Processes for sellers
When a seller receives a purchase order, they can either choose to accept it, decline it, or renegotiate the terms of sale. Once the buyer and seller come to an agreement, the seller uses the accepted purchase order to pull inventory or arrange services in accordance with the form. The seller then uses the purchase order to draft and send an invoice for the goods or services and sets the terms for payment if the goods are not already paid for in full. The invoice and inventory are then sent to the buyer and the seller marks the purchase order as either “filled” or “awaiting payment”. Sellers will often send follow-up reminders of payment terms and deadlines in order to ensure that the order is fulfilled.

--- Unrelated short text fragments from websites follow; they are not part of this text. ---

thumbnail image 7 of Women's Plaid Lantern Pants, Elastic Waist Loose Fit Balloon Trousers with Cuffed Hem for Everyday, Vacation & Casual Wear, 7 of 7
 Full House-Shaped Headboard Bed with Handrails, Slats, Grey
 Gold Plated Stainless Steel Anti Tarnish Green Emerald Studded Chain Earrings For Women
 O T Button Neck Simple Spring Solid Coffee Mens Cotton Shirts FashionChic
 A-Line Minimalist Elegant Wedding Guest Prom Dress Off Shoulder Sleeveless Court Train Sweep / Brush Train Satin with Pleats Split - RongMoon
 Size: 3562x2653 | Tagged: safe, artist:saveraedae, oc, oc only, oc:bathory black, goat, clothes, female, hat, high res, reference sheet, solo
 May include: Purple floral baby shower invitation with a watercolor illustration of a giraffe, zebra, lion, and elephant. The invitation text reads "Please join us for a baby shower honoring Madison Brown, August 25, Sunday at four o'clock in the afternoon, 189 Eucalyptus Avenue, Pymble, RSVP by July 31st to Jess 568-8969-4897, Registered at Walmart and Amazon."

Purchase orders in accounting
Purchase orders occupy space in the accounting books differently for buyers and sellers in addition to changing positions depending on the status of a sale.
For the buyer
In accounting, an in-progress purchase order that has received an invoice goes into accounts payable and is considered a liability until the seller has been paid and the purchase order is fulfilled. Funds are set aside to cover the cost of the purchase commitment (PC). Once a goods receipt is received, the purchase commitment funds are transferred to the “actual” expense of the purchased and physically held inventory. Before the account can be disbursed (paid off), it must go through an approval process to ensure that the invoice received matches the purchase order sent at which point the funds can be released and the seller can be paid.
For the seller
For vendors, the receipt of a purchase order does not equate to an accounting entry. Typically, the value of the accepted purchase order is marked as an asset in accounts receivable once the product has shipped and the invoice has been sent and the sale is considered to have occurred.
Purchase (order) power
The beginning of any inventory or service acquisition starts with a purchase order. Whether electronic or physical, they have the power to help inventory managers to keep track of what they have currently and what they have coming. They clarify the terms and conditions of a sale and legally protect buyers from any mishaps or malpractice in the buying process. Whether a business is large and established or still growing, when processed and accounted correctly, purchase orders streamline inventory operations and help businesses to operate optimally.